The tragedy that is the McCain candidacy is that John is both the son and the grand-son of U.S. Navy admirals. John’s military career never quite reached those lofty heights. He is, therefore, compensating for it—albeit at a late date—by striving to outdo his ancestor’s achievement by becoming commander-in-chief. Not, it seems, your run-of-the-mill commander-in-chief, but a war president. It is for this reason that he has so readily subscribed to the folly and the tragedy that is the mess the neo-cons have created in the Middle East. As John takes us on this Magical Military Tour and speaks of wars won and wars yet to be won let us not forget that America lost the only war in which he fought. Perhaps that is the score that needs to be settled. Perhaps the ultimate historical tragedy is that those who have died and those who are about to die in this modern ‘hundred years war’ are simply the latest casualties of Vietnam.

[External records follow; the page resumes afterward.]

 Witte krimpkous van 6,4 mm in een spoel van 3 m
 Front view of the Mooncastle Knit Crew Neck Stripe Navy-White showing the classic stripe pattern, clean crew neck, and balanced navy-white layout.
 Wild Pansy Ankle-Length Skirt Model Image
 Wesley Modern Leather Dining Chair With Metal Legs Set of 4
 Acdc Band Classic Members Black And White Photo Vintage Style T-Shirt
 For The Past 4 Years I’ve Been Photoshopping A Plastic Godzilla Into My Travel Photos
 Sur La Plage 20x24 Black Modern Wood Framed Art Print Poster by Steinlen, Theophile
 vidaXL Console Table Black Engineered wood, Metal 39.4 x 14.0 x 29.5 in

“War is diplomacy by other means”
--Carl Von Clausewitz
Von Clauswitz understood the complex interrelation between war and politics. War is a consequence of political conflict, and an end to war can only be reached by some kind of political settlement. The ends of war cannot be achieved by military means alone. Even unconditional surrender requires the tacit acceptance of the population so as to prevent an insurrection. The Allies in Europe came to term with the old Nazi regime, prosecuting a relative handful, and employing the rest to keep order. Likewise in Japan where MacArthur kept the Emperor and much of the old regime in order to maintain continuity and stability.

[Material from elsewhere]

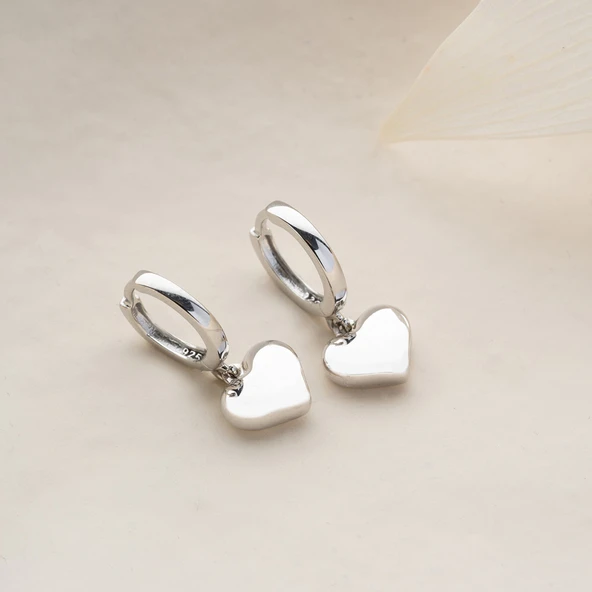 Vaoov 925 Ayar Gümüş Bombeli Kalp Küpe - Resim 4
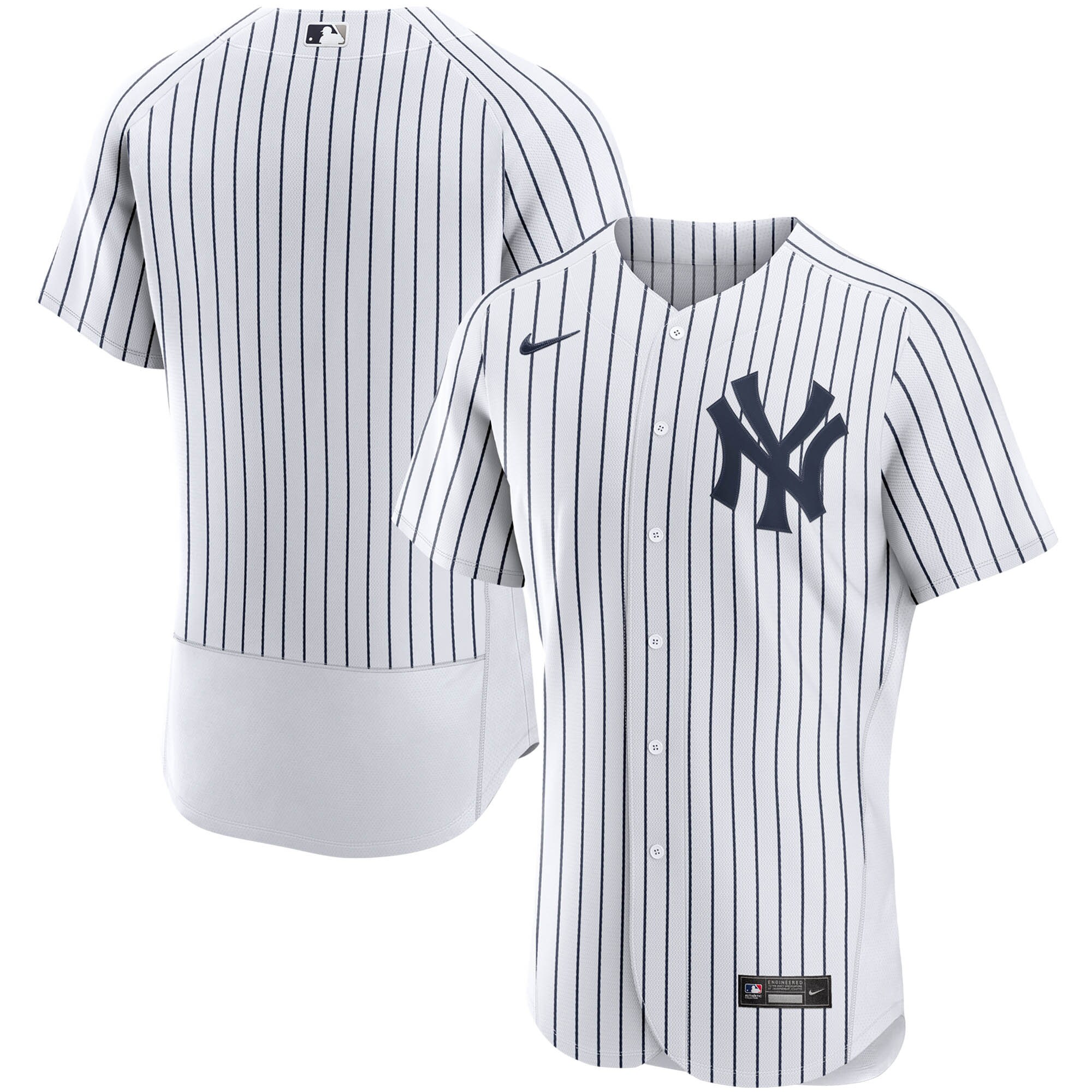 Alternative view of New York Yankees Home Authentic Team Jersey – White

Forty years ago tonight, President Lyndon Johnson spoke those memorable words “accordingly I shall not seek, nor will I accept, the nomination of my party for another term as your President.” This bombshell, so unexpected, came after a short discussion about the stalemate in Vietnam and about the need to negotiate a peace. Saying that the demands of peace meant that negotiations could not become part of a partisan political campaign, Johnson told the nation that he would step down. Here the President came face-to-face with the limits of power. American military might, as awesome as it was, could not impose a political settlement in Indochina. No matter how long the war would drag on, some kind of political accommodation would have to take place. So on that fateful night the President announced the end of the quest to impose a political solution by military force and told the nation that we would sit down at the table with Ho Chi Minh. John McCain never forgave Lyndon Johnson. But Johnson by degrees came to understand, as our future president will also have to come to understand, that for peace to return to this troubled region negotiations will have to take place with our adversaries. Without negotiations there will be no peace. How long it will take the good Marshall to learn the limits of power remains in the telling. In any case it will be a hell of an expensive geography lesson.